If a record holds a picture, leave the picture out and copy everything else exactly.

################

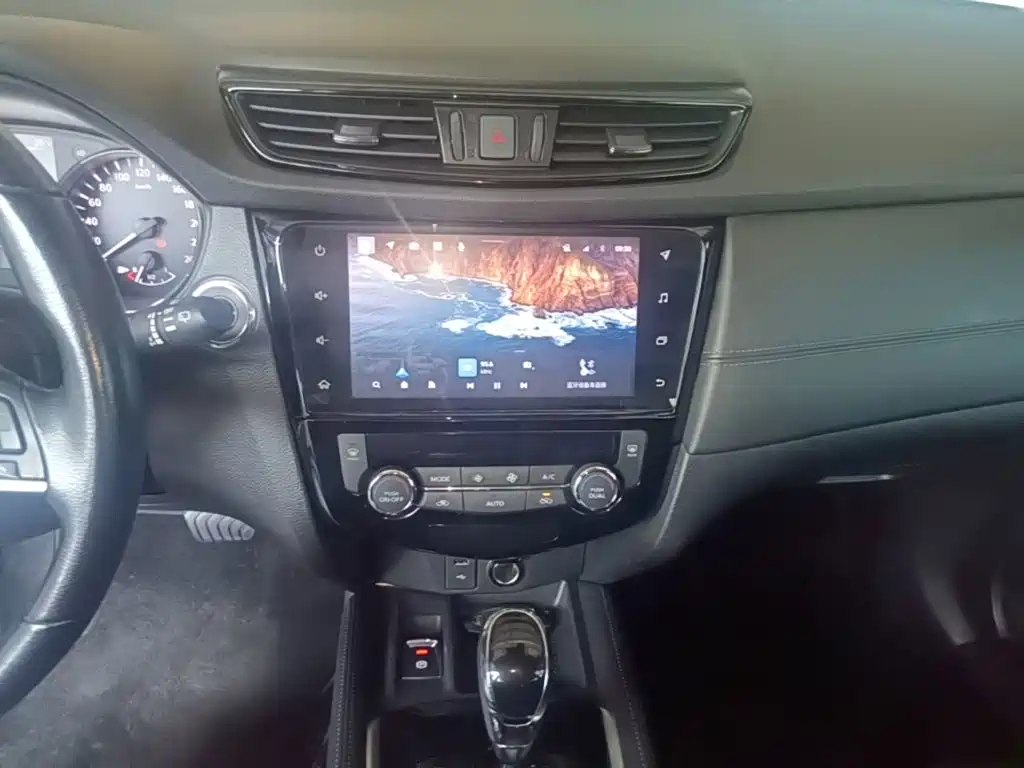 Nissan X-Trail — миниатюра 13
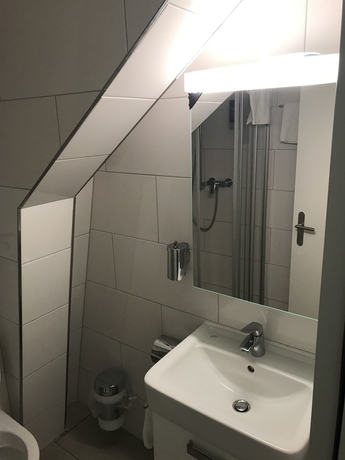 Imagen de la habitación del Hostal Gasthaus 210. Foto 16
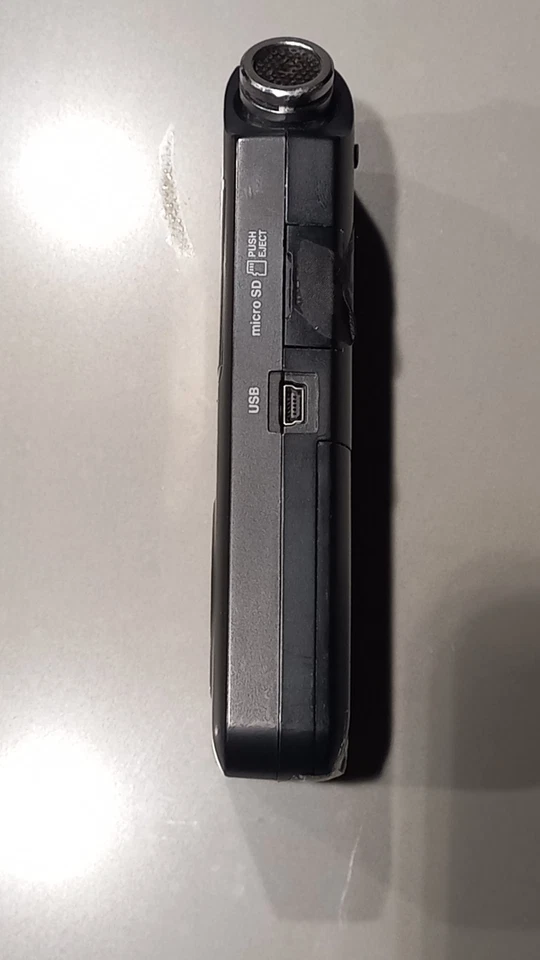 Tascam Dr-05 Registratore Audio Portatile - 2GB - Immagine 3 di 4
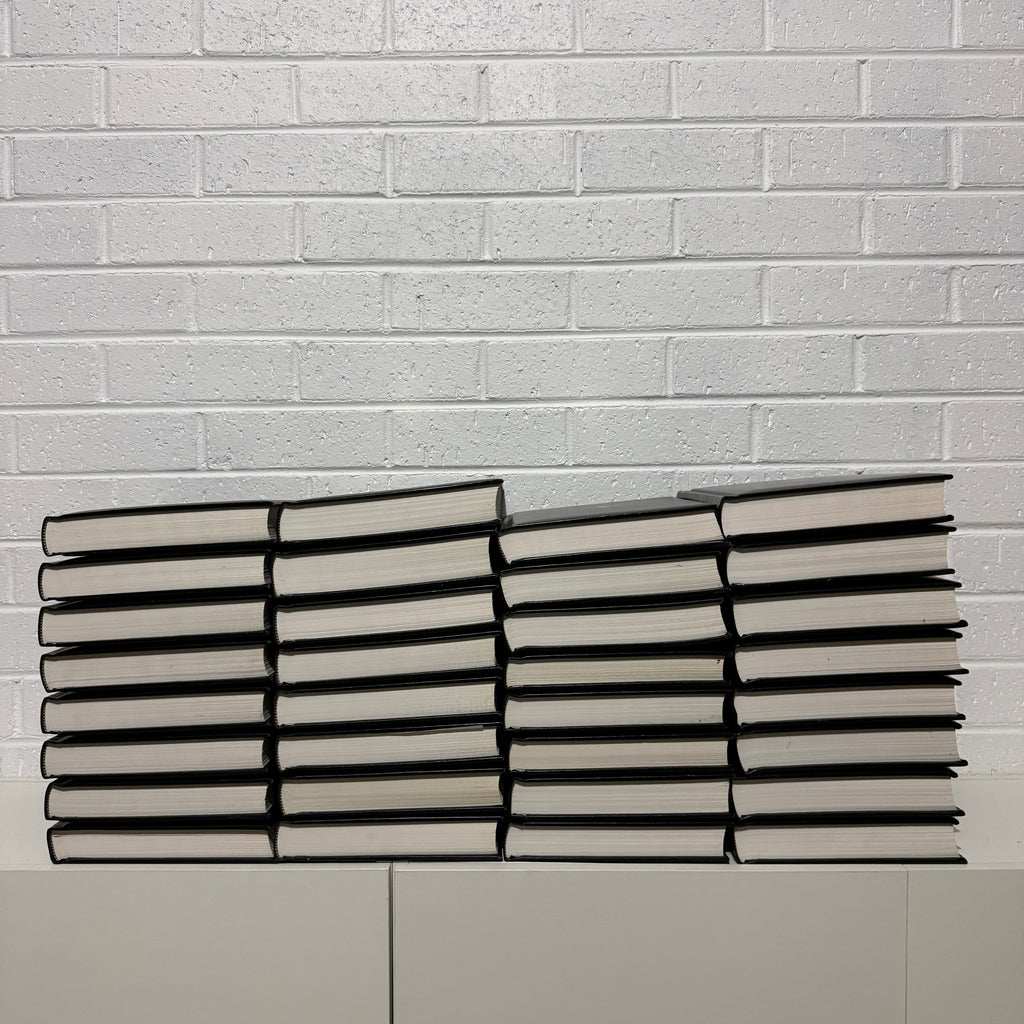 1993 Encyclopaedia Britannica Micropaedia Complete 32 Book Set, Black Edition, Gold Top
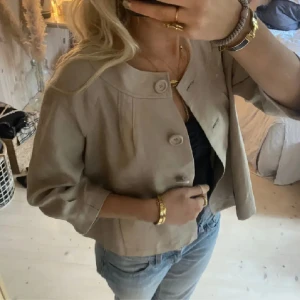 Bolero kofta  - Säljer denna fina kofta som jag använt som vår/sommar jacka. 💖💖 Kan skicka mer bilder privat. 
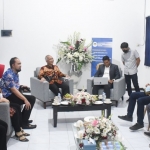 Wali Kota Kediri Abdullah Abu Bakar (lihat laptop) bersama Tim Juri lainnya. foto: ist.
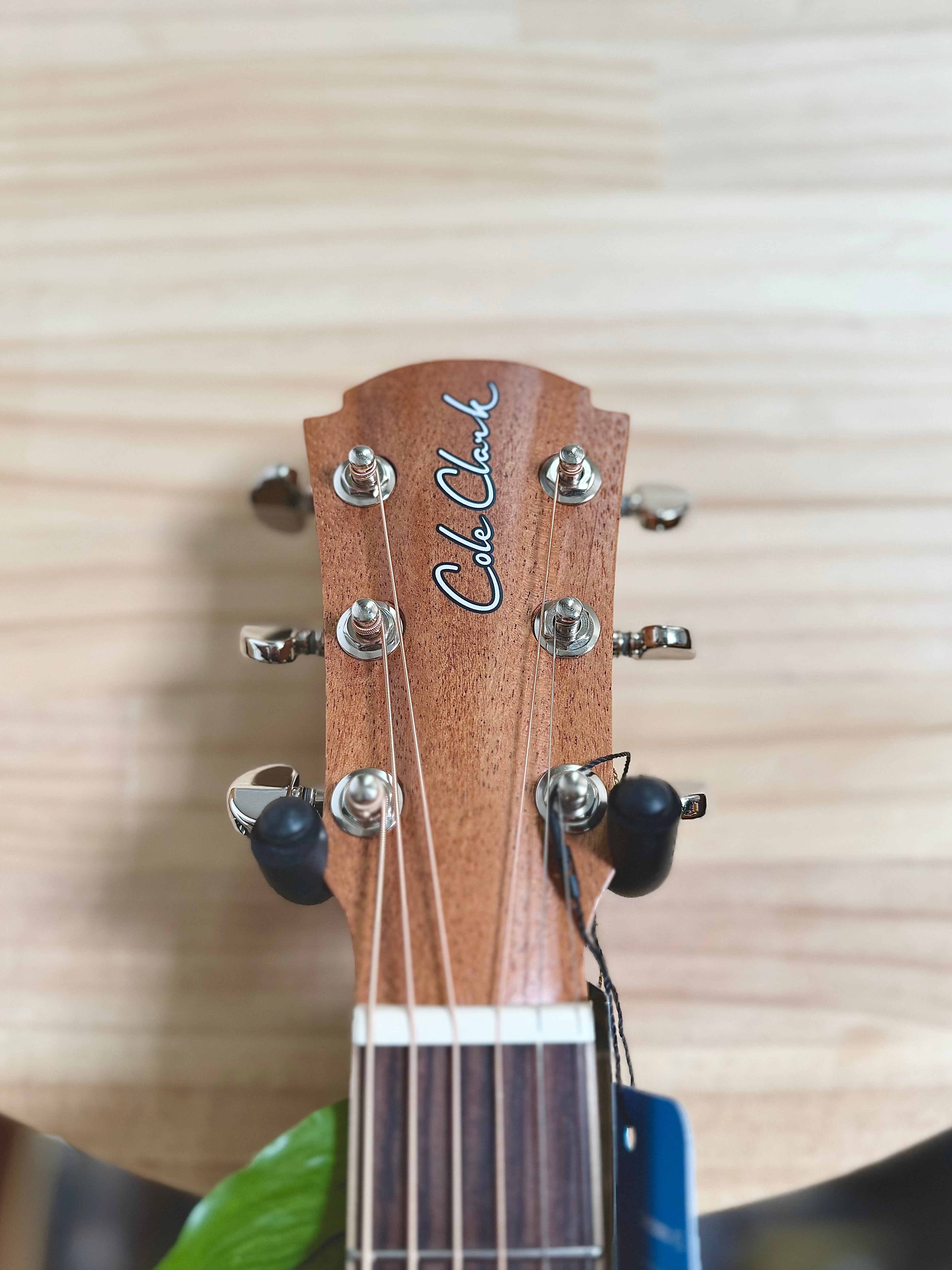 Cole Clark | STUDIO | SAN1-MMAH | African Mahogany Cole Clark | STUDIO | SAN1-MMAH | African Mahogany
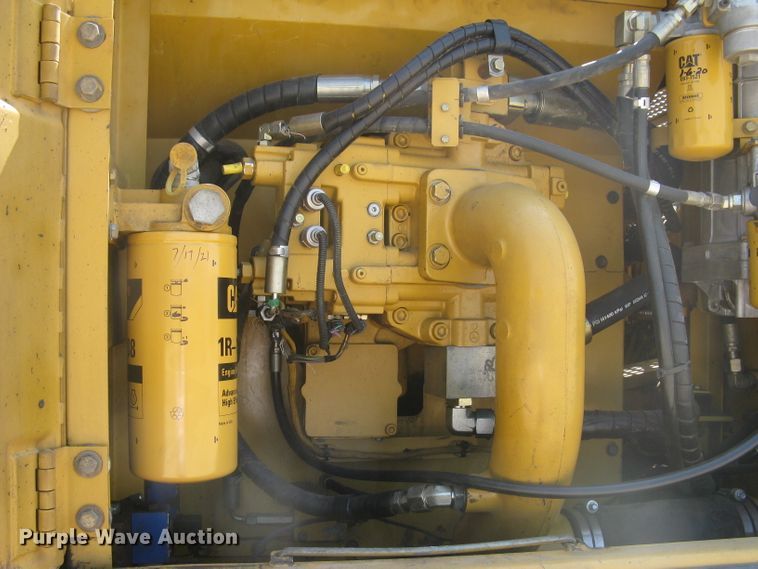 image for item DG5300 2005 Caterpillar 330CL  excavator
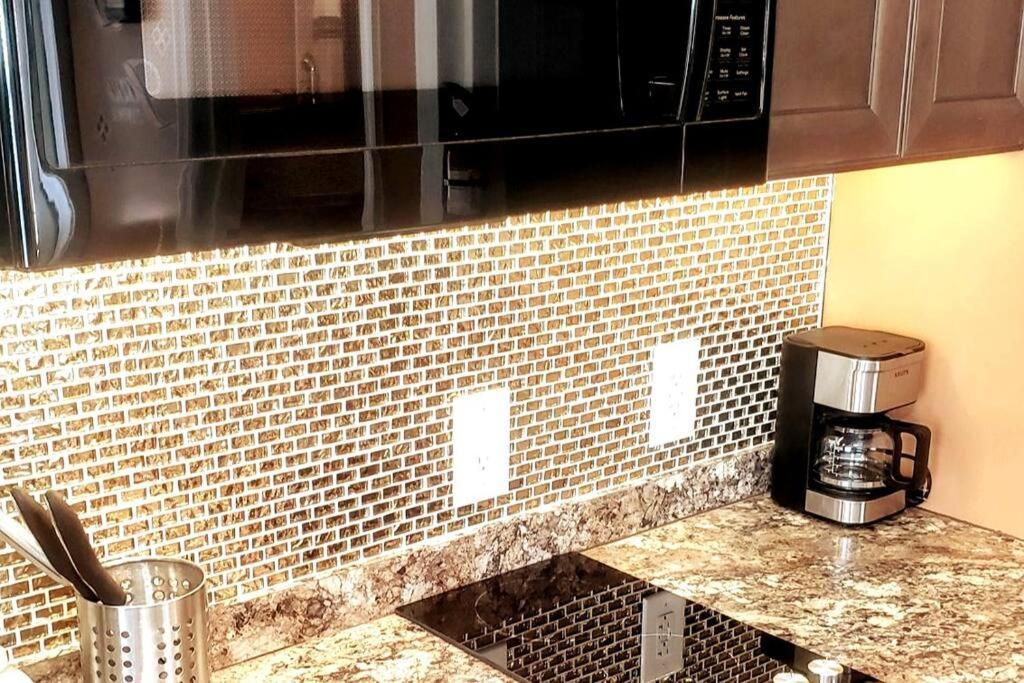 Stylish Suite Tampa Minutes To Hard Rock Casino Mango Exterior photo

################

## REPLY
 Nissan X-Trail — миниатюра 13
 Imagen de la habitación del Hostal Gasthaus 210. Foto 16
 Tascam Dr-05 Registratore Audio Portatile - 2GB - Immagine 3 di 4
 1993 Encyclopaedia Britannica Micropaedia Complete 32 Book Set, Black Edition, Gold Top
 Bolero kofta  - Säljer denna fina kofta som jag använt som vår/sommar jacka. 💖💖 Kan skicka mer bilder privat. 
 Wali Kota Kediri Abdullah Abu Bakar (lihat laptop) bersama Tim Juri lainnya. foto: ist.
 Cole Clark | STUDIO | SAN1-MMAH | African Mahogany Cole Clark | STUDIO | SAN1-MMAH | African Mahogany
 image for item DG5300 2005 Caterpillar 330CL  excavator
 Stylish Suite Tampa Minutes To Hard Rock Casino Mango Exterior photo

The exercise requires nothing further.